We drive two miles up the canyon along a beautifully graded gravel road. It is late afternoon and the day is overcast, so the wonderful jumble of mountains that make up this area of the San Andres fault is not optimally lit for photographs. I recall camping here, on a Girl Scout expedition, when one of my scout mates discovered a beautiful black, hairy tarantula. To the arachnids dismay, our troupe adopted it for the weekend and it went home with one of the girls to become a family pet.


I drive my father to the end of the road. There is an expansive, well graded parking area and we sit for a few minutes to gaze further up the canyon. From this point on, one must be on foot and I watch a a small group of hikers enter the mouth of the canyon.


Sunday, May 02, 2010

One of General Pattons' Men






The cholla cactus are not yet in bloom, but fields of them stretch for miles, backlit in the desert sunlight. My father tells me a story of when he and my mother were courting. The two of them went on a picnic in the high desert and my father picked a cholla cactus bud from the desert sand and placed it in my mothers hair as an ornament. Obviously in love, she made no objection, until it came time to remove the thorny ornament. In spite of this, or perhaps because of this, she married my father and they shared 60 years together. We drive past fields of Ocotillo cactus, beautifully exotic, their long fronds tipped with red blossoms. After meandering many of the park roads, we leave Joshua Tree and have lunch at a gasoline stop in Chiriaco on the summit along interstate 10. My father and I share a bacon, lettuce and tomato sandwich. He enjoys a beer and I indulge in a chocolate milkshake.

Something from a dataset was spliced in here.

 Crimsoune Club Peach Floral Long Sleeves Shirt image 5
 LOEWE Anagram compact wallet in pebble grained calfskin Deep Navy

After lunch we visit the Patton Museum. In 1944, during WW2, my father served under Patton as part of the 3rd army when Patton took over the land operations in Normandy. My father signs the guest book as one of Pattons' men. The museum is small and somewhat dark and while my father takes his time within the museum, I am transfixed by an exhibit of trench art; shell casings and rocket shells from WW2, intricately repoussed and engraved with designs that a most experienced metalsmith would be proud of. There is an outside section of the museum where tanks and DUKWs are on display. My father is delighted to see a DUKW; an amphibious vehicle that transitions between land and water. In 1944, my father maneuvered DUKWs on the west coast of Devon; just beyond the surf line to take wave measurments in preperation for the invasion of Normandy. I take photos of my father beside this remarkable machine.



Joshua Tree National Park






After suffering through the standard motel continental breakfast of hardboiled eggs, cold cereal and bitter coffee, we drive the few miles to the entrance of Joshua Tree National Park. We retrieve maps at the visitors center and meander the park roads through fabulous jumbled granite rocks formations. It is late morning, but the light is still dramatic and golden, with contrasting shadows delineating the monumental rocks. I drive slowly and pull off frequently so that my father can enjoy the jumbled rock vistas from the comfort of the van. There are miles of trails and endless boulders and rock faces to challenge the most adventurous climber. Our morning drive together is magical.


The road we choose winds upward ending at a spectacular lookout point where we can see Palm Springs and the Salton Sea sprawled in the haze, 5,000 feet below. I park in a handicapped space and with little help, my determined father ascends the challenging pathway up to the vista. He sits at the edge of the vista, inhaling the beauty of the landscape, the San Jacinto mountains in the distance, most certainly recalling memories of earlier years, when as a professor of geology at U.C.L.A. he led field trips to this area.